THE DATA:
════

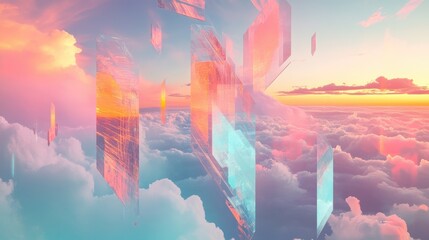 Poster - Abstract digital landscape with geometric structures floating among colorful clouds at sunset in a surreal, vibrant atmosphere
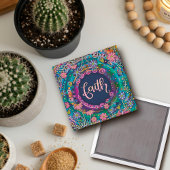 Faith Hübsch Fun Blue Floral Inspirivity Magnet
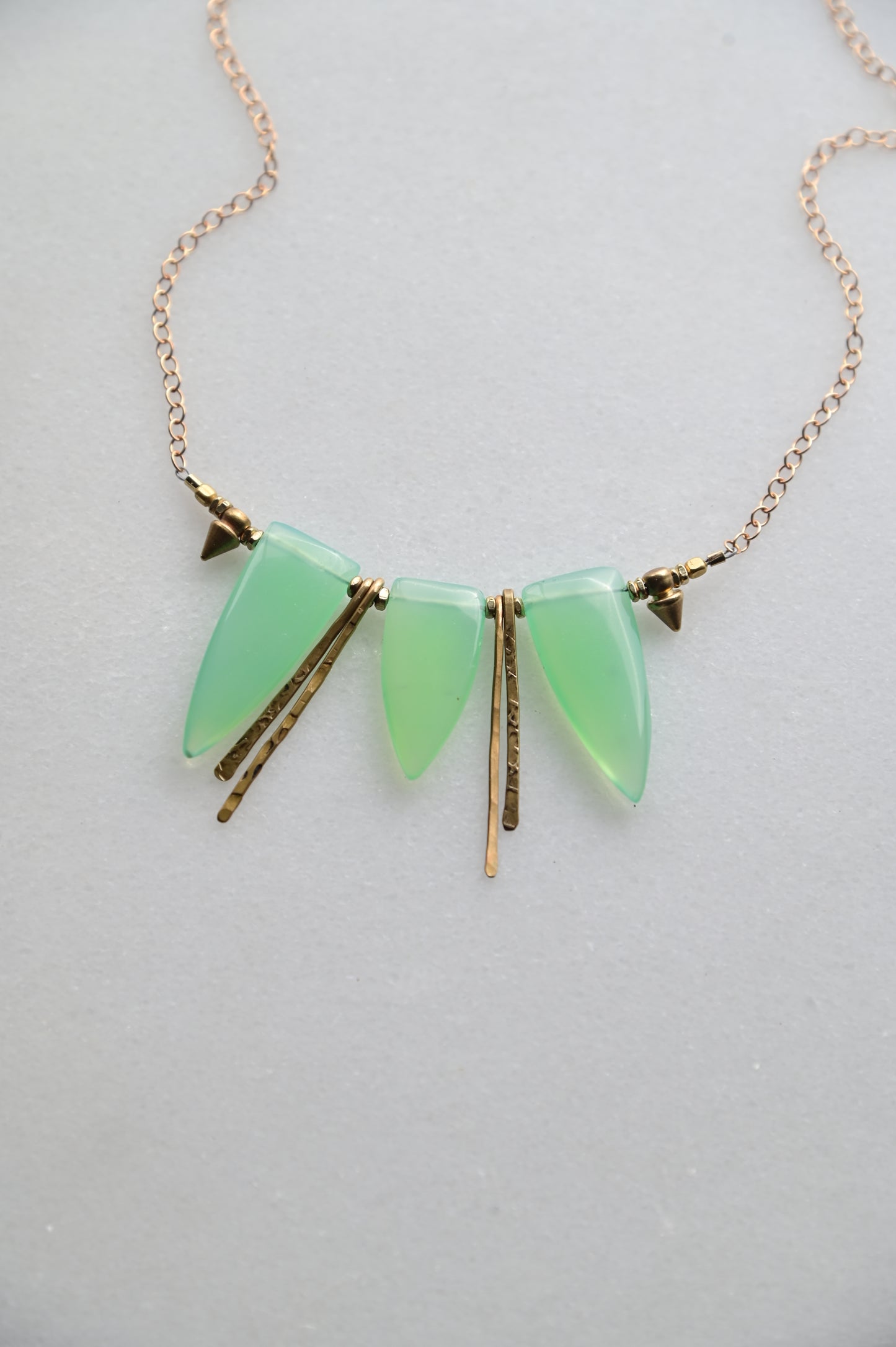 Sticks & Stones: Green Chalcedony + Brass Necklace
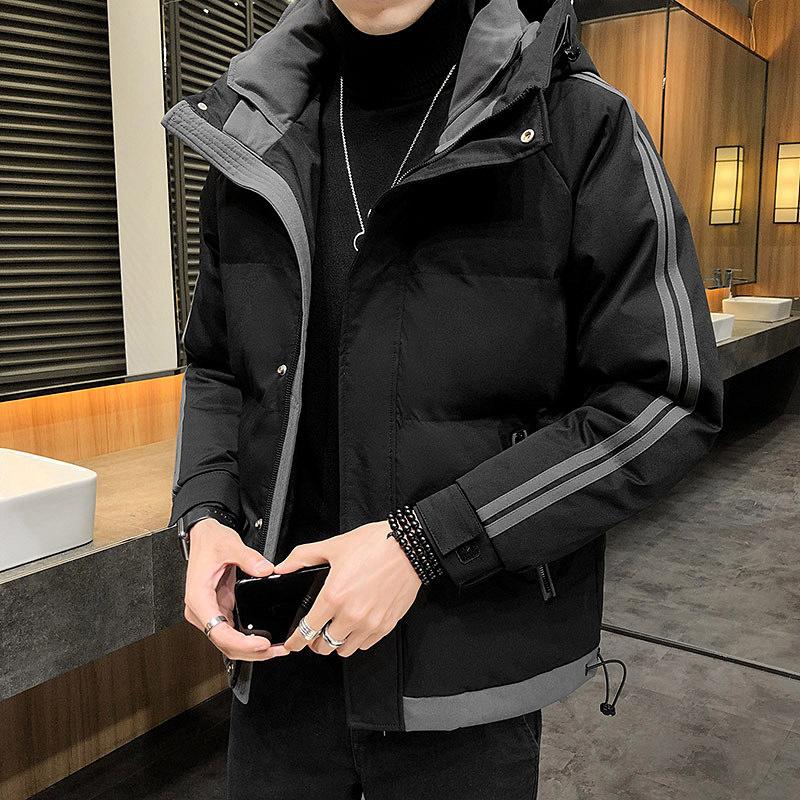 

Down jacket men's 20 winter new men's fashion short hooded thick cotton padded jacket, Black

════

WHAT YOU NEED TO DO:
From the line that holds "Sticks & Stones: Green" down to the last line of the material above, every line is to be copied exactly, both ends included; pictures are to be omitted.

RESPONSE BOX:
 Sticks & Stones: Green Chalcedony + Brass Necklace

Down jacket men's 20 winter new men's fashion short hooded thick cotton padded jacket, Black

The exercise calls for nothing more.